In 2025, the owners of the company, Simon Camilleri and family, appeared for the first time in the Financial Review Rich List as the 58th wealthiest Australians, assessed on the basis of net worth. In addition to poultry operations, the family have significant property investments.

== History ==
The business was founded in the c. 1920s by Celestino “Charlie” Baiada, a Maltese migrant who arrived in Australia in 1916, aged 14 years. He commenced working as a kitchen hand, and subsequently purchased a house in Pendle Hill, in western Sydney, to farm chickens and operate as a market garden. During World War II, Baiada, operating as a sole trader, secured an Australian Government contract for the supply of chicken products (Note: One source claims that the contract was for the supply of potatoes.) to the Australian Army, and the business significantly expanded. During the 1960s and 1970s, Baiada began supplying poultry to butchers, clubs, restaurants, and then supermarket chains. The company, Baiada Pty Limited was established in 1963.

Baiada and his wife had seven children, one of whom, Mary, married Frank Camilleri. Camilleri became a shareholder in the private family company and managed sales and distribution; whilst Baiada focused on production. As the company grow, Baiada took on the role of company chair and Camilleri became company secretary. Baiada died in 1983, aged 81 years. His grandson, John Camilleri, a son of Mark and Frank, then commenced leading the business during a period of growth. In 2009, the business acquired Bartter Holdings, that operated the Steggles brand, and built on their Lilydale brand. Now led by Simon Camilleri, it was reported that in 2024 the company generated AUD3.6 billon in revenue and AUD246.6 million in net profit; and made distributions to shareholders totalling AUD183.8 million.

== Controversies ==
The company has been embroiled in scandals involving deceptively selling chicken products as free range and the exploitation of migrant workers.

=== Misleading free to roam labelling scandal ===
In September 2011 the Australian Competition & Consumer Commission (ACCC) commenced federal court action against Baiada Poultry, Bartter Enterprises, and the Australian Chicken Meat Federation, alleging that they engaged in misleading and deceptive conduct and made misleading representations that meat chickens were "free to roam around in large barns". The ACCC argued the chickens were reared indoors with high-density stocking (20 chickens per square metre) that significantly restricted their ability to roam. Such a definition of free to roam would leave room for 2.2 chickens on an A3 size page.

On 30 October 2013 the Federal Court of Australia ordered Baiada Poultry and Bartter Enterprises, the processors and suppliers of Steggles branded chicken products to pay a total of $400,000 in civil pecuniary penalties, declaring that the companies contravened the Trade Practices Act and the Australian Consumer Law by engaging in "false, misleading and deceptive conduct (or conduct liable to mislead and deceive)" when it described on product packaging and in advertising that its meat chickens were "free to roam in large barns".

The Australian Chicken Meat Federation, the peak industry lobby group for the Australian chicken meat industry, was also ordered to pay $20,000 in penalties by asserting in publications on its website that chickens in Australia were "free to roam" or able to "roam freely" in large barns.

=== Foreign workers exploitation scandals ===
In September 2010, the Australian Office of the Fair Work Ombudsman commenced an investigation into allegations that Adelaide Poultry — part of the Baiada Group of Companies, had contravened Commonwealth workplace laws after public comments were made alleging underpayment of its workers.

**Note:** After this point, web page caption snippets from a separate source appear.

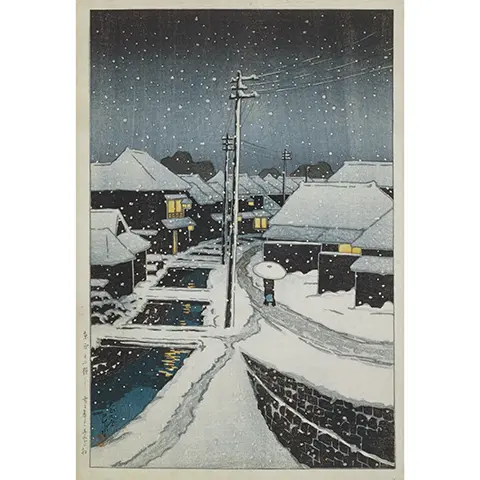 snowy street scene of early 20th century Tokyo at night with a figure walking down a path near a waterway and past some buildings lit from the inside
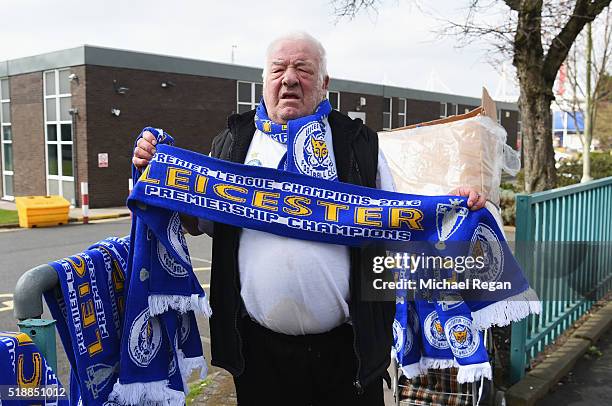 Scarves reading 'Leicester City Premiership Champions' are sold prior to the Barclays Premier League match between Leicester City and Southampton at...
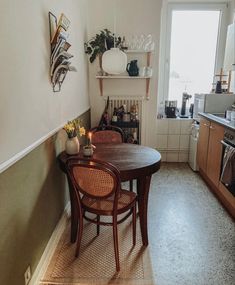 a table and chairs in a small kitchen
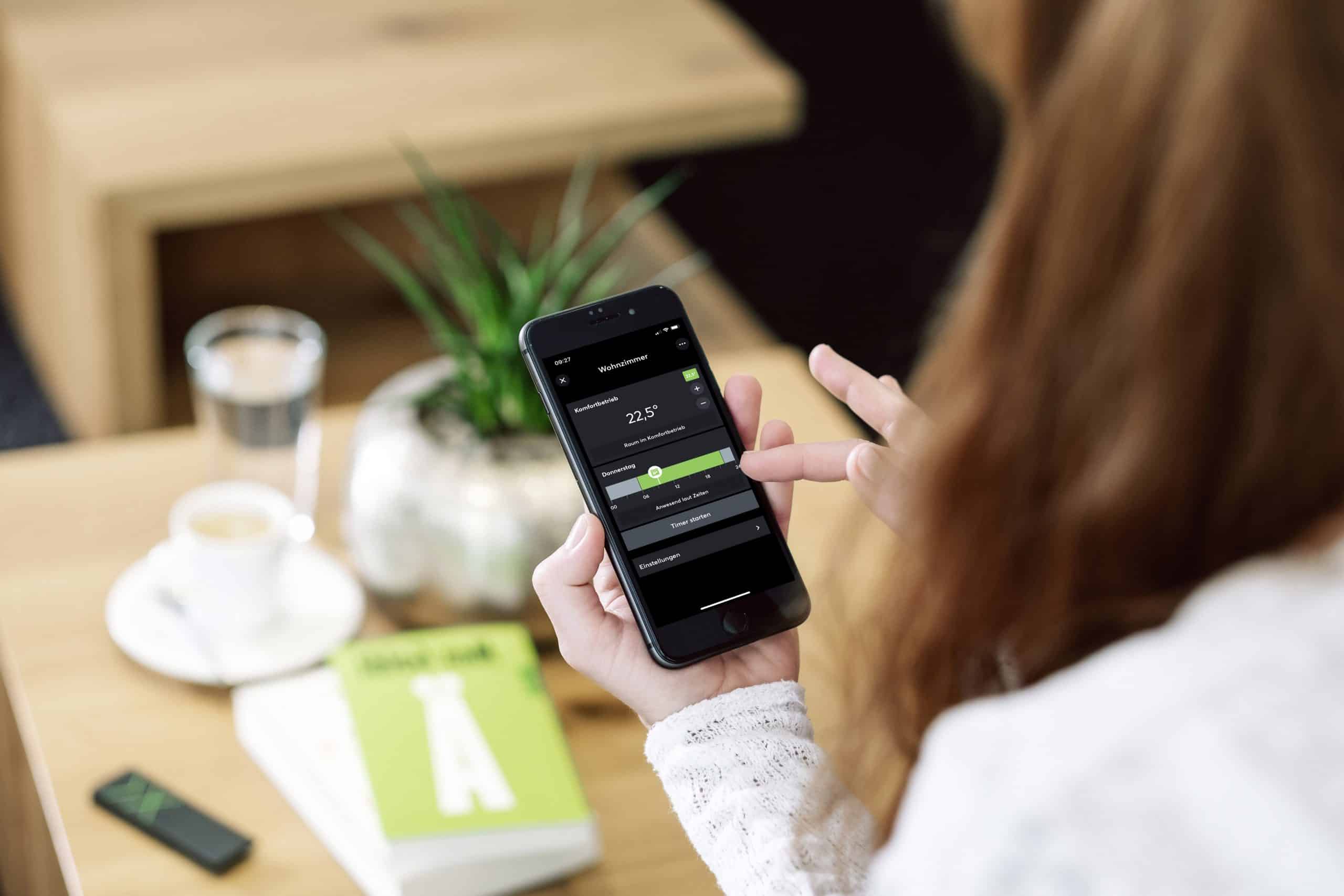 Frau mit SmartPhone im Smarten zu Hause mit Technik von Loxone. Bild zeigt die moderne Gebäudetechnik.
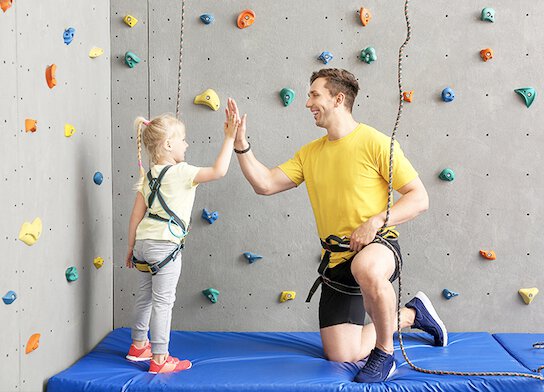 Klimleraar met meisje in het klimcentrum.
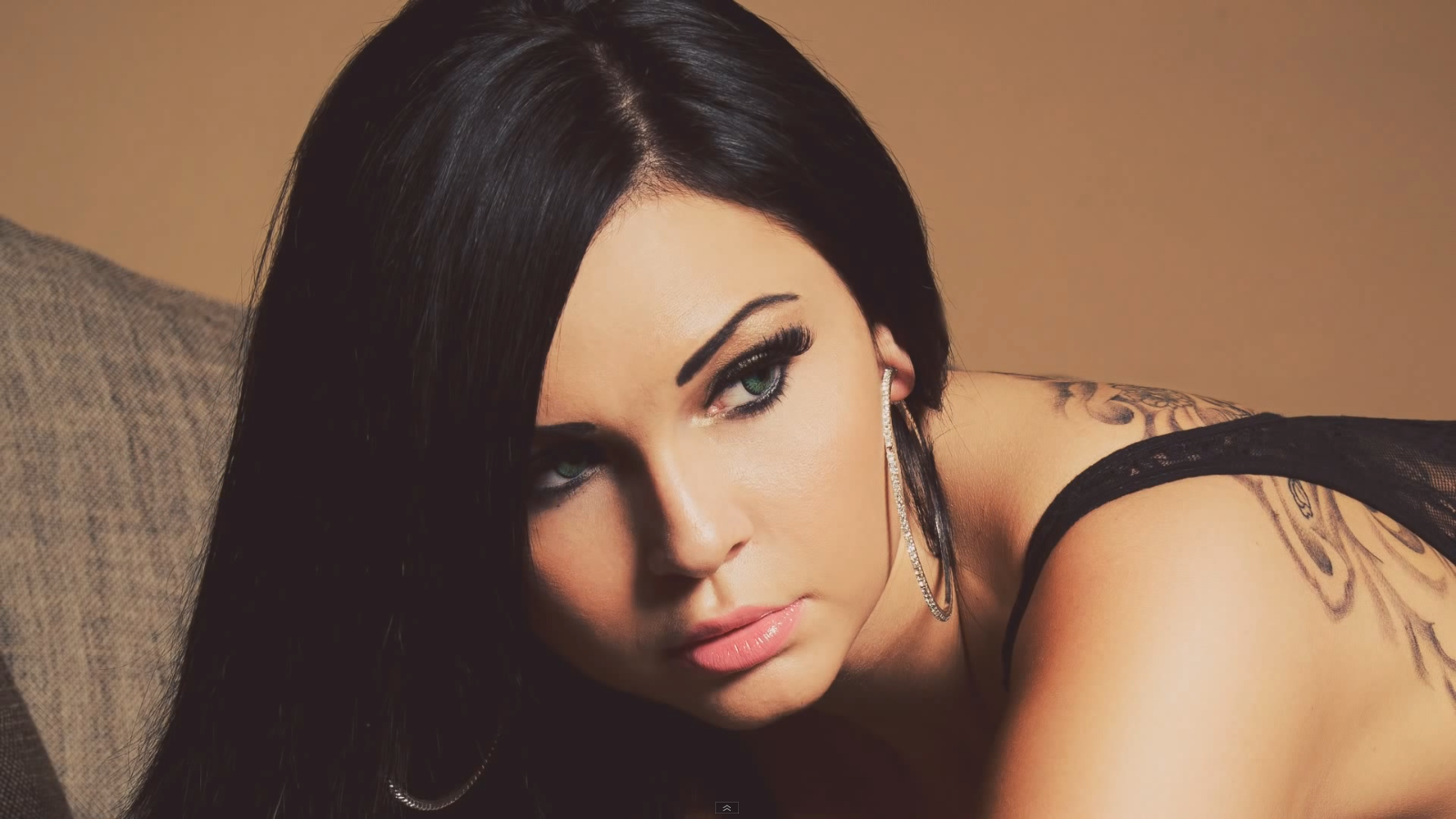 Woman with black hair and tattoos HD Wallpaper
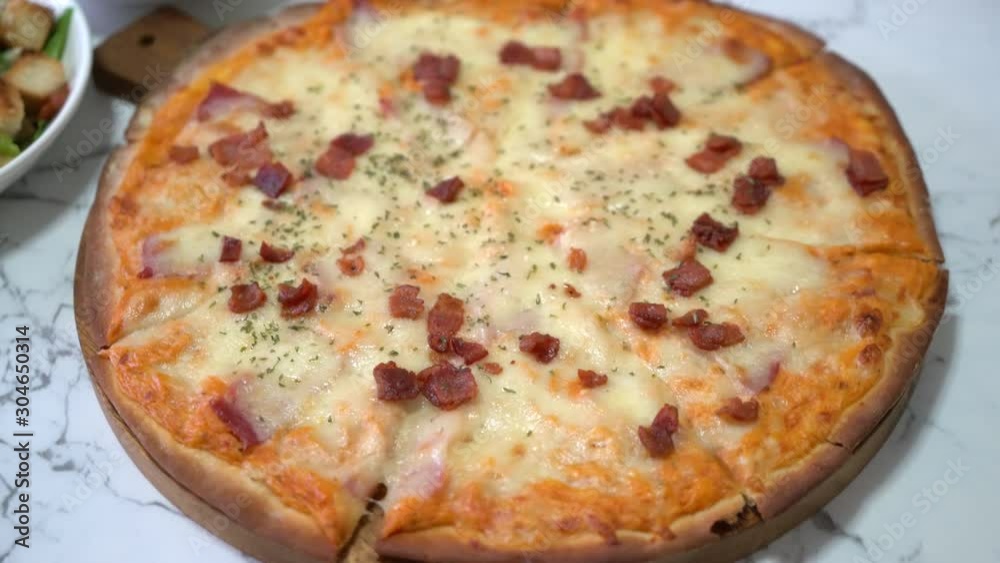 bacon and cheese pizza on wood board bacon and cheese pizza on wood board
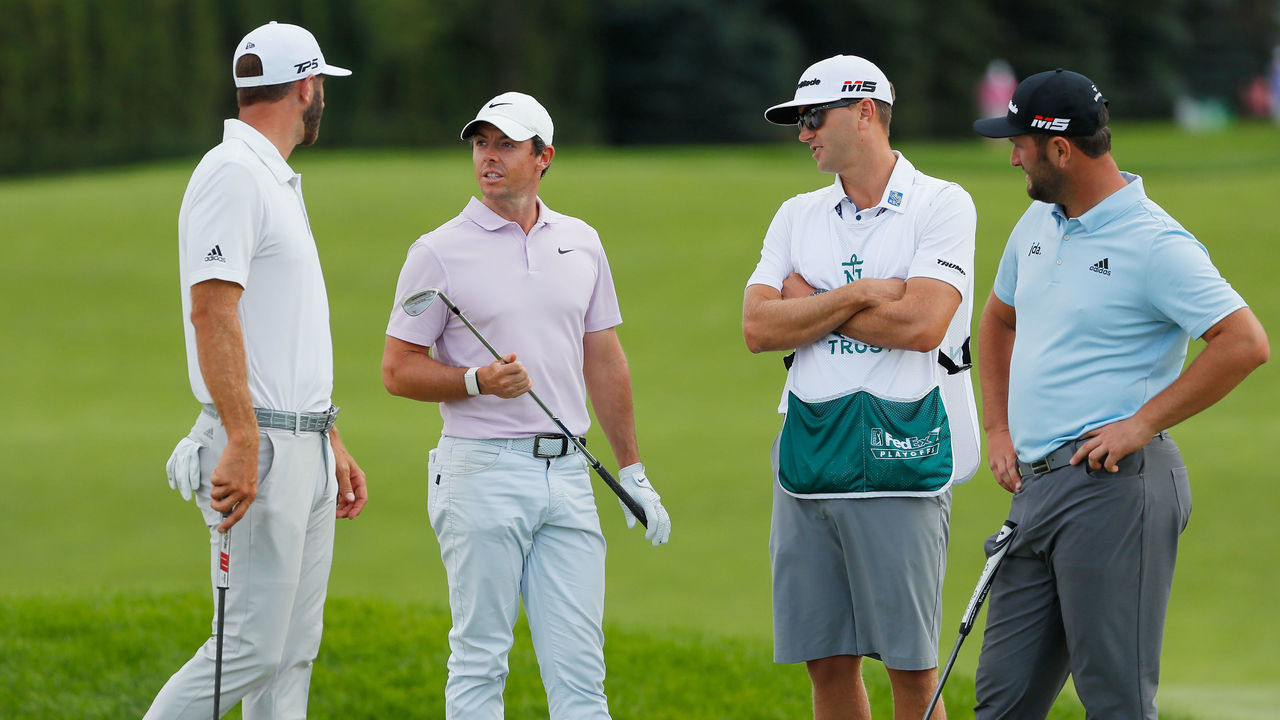JERSEY CITY, NEW JERSEY - AUGUST 09: (L-R) Dustin Johnson of the United States, Rory McIlroy of Northern Ireland, Austin Johnson, and Jon Rahm of Spain speak during a weather delay during the second round of The Northern Trust at Liberty National Golf Club on August 09, 2019 in Jersey City, New Jersey.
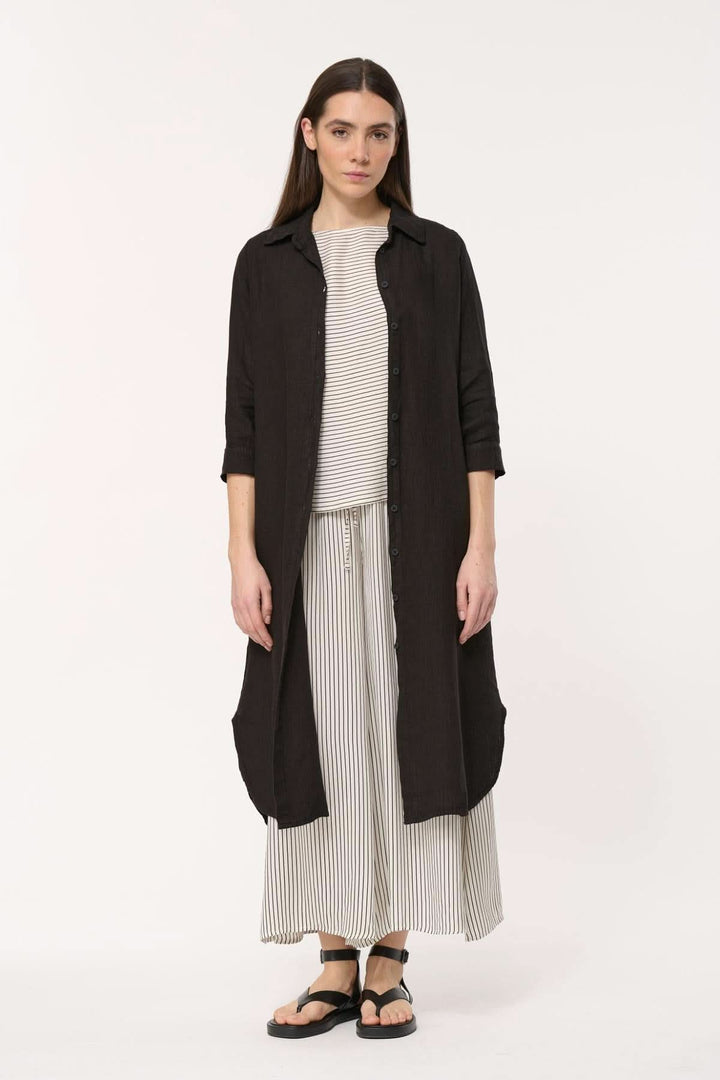 Robe longue Talicia en lin avec col chemise, manches longues et coupe fluide, portée avec un top rayé.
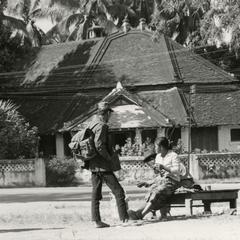 A soldier stands and talks with his wife in the city of Luang Prabang in Luang Prabang Province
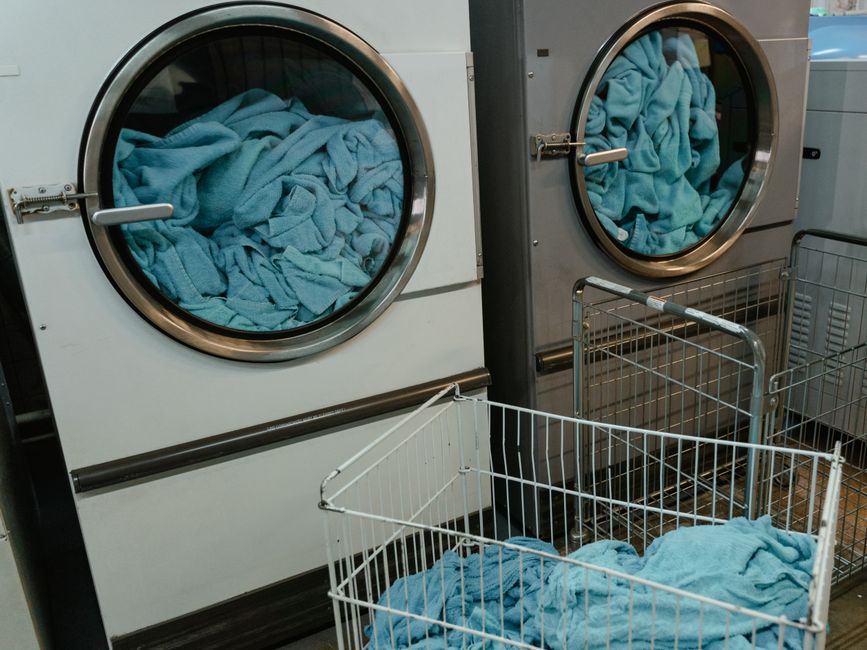 Máquinas de lavar roupas industriais em um ambiente de lavanderia, destacando o processo de lavagem em grande escala.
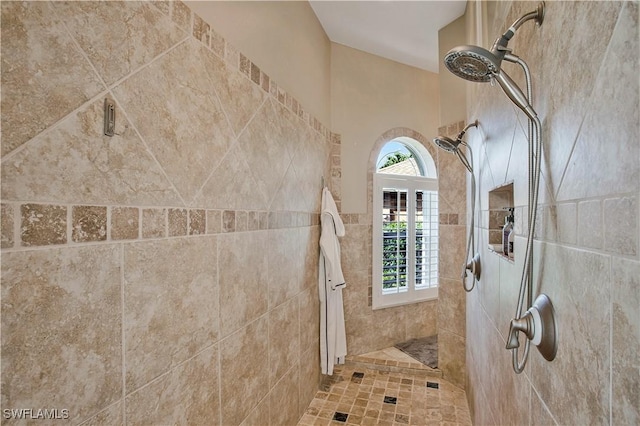 full bath with a tile shower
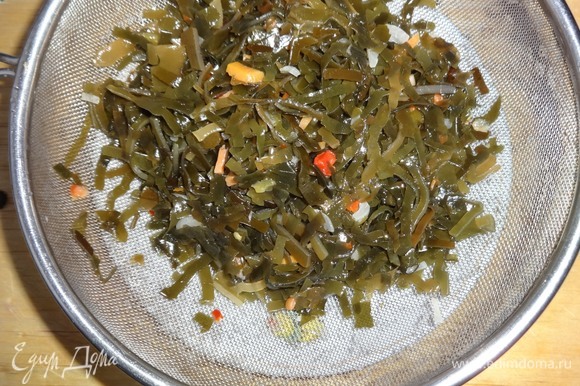 Салат из маринованной морской капусты откинуть на сито и дать стечь маринаду.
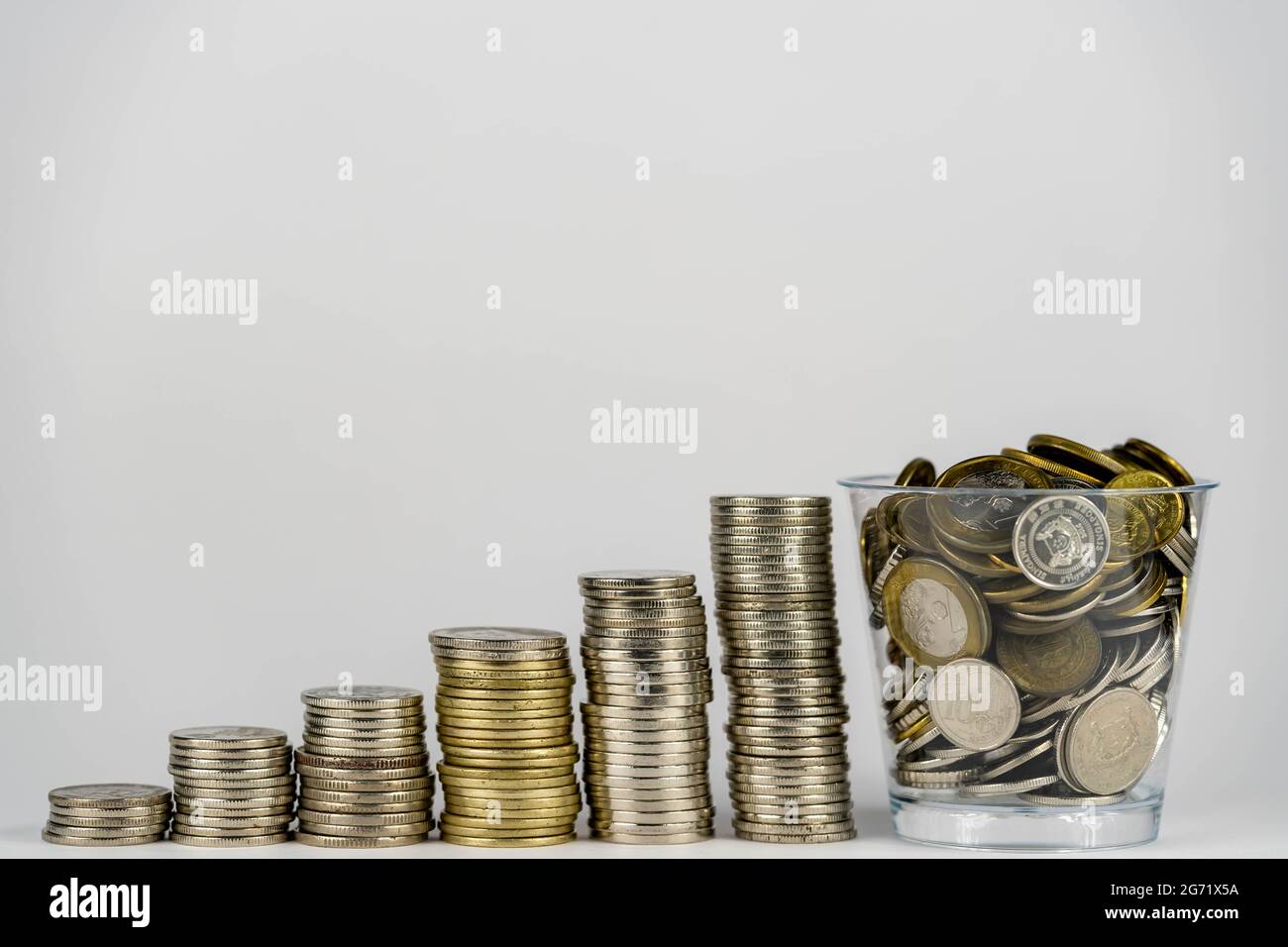 risparmio di denaro, crescita finanziaria delle imprese, budget economico e concetto di investimento. monete d'oro in vaso e monete in pila crescita su sfondo bianco. Foto Stock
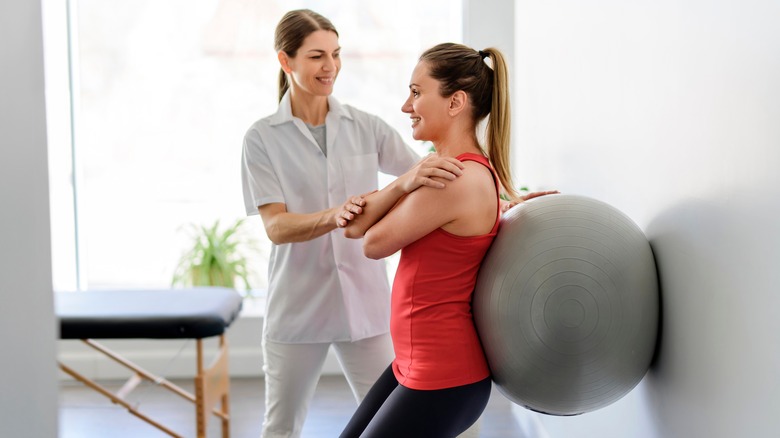 Physiotherapist helping woman will ball exercises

It determined that the company had contravened workplace laws and an agreement to resolve the contravention without the need to resort to civil penalty litigation was made by way of an "Enforceable Undertaking" made under the Commonwealth Fair Work Act 2009.

On 4 May 2015, television program Four Corners reported on the exploitation of migrant workers within the Baiada factories. In response to the allegations, Baiada issued a formal response, stating that "there [was] no substantial compliance failures" and "there [was] no exploitation of migrant workers".

However, in his investigation into the matter, the Fair Work Ombudsman confirmed the allegations and found that the company paid foreign workers on holiday 417 class working visas about half the lawful minimum hourly wage and that they worked up to 18 hours a day without paid overtime. The foreign workers were forced to live in slum houses with 20 others and to sometimes share mattresses. The Ombudsman found that much of the work was off the books with the foreign workers paid in cash and that the labour hire companies that Baiada engaged provided inadequate, missing or fabricated records. During the course of the investigation, 23 of 39 contractors complained of financial instability and four of six principal contractors ceased trading. Baiada refused to let Fair Work Commission inspectors into their three NSW processing plants — at Beresfield, Hanwood and Tamworth during the investigation.

Despite promising to improve workplace practices, Baiada continued to attract criticism, including from the Uniting Church. Signed witnesses statements from Baiada chicken plant workers suggested that questionable work practices were continuing at some plants and that the company was still dealing with disreputable labour hire companies. Some of these companies had bogus business addresses.

On 26 October 2015 the Fair Work Ombudsman released a statement saying Baiada has agreed to a compliance partnership to make good past underpayments by contractors and to ensure compliance with workplace laws in the future. The company agreed to take responsibility for paying up to $500,000 in wages that its contractors failed to pay workers, even though it did not directly employ them.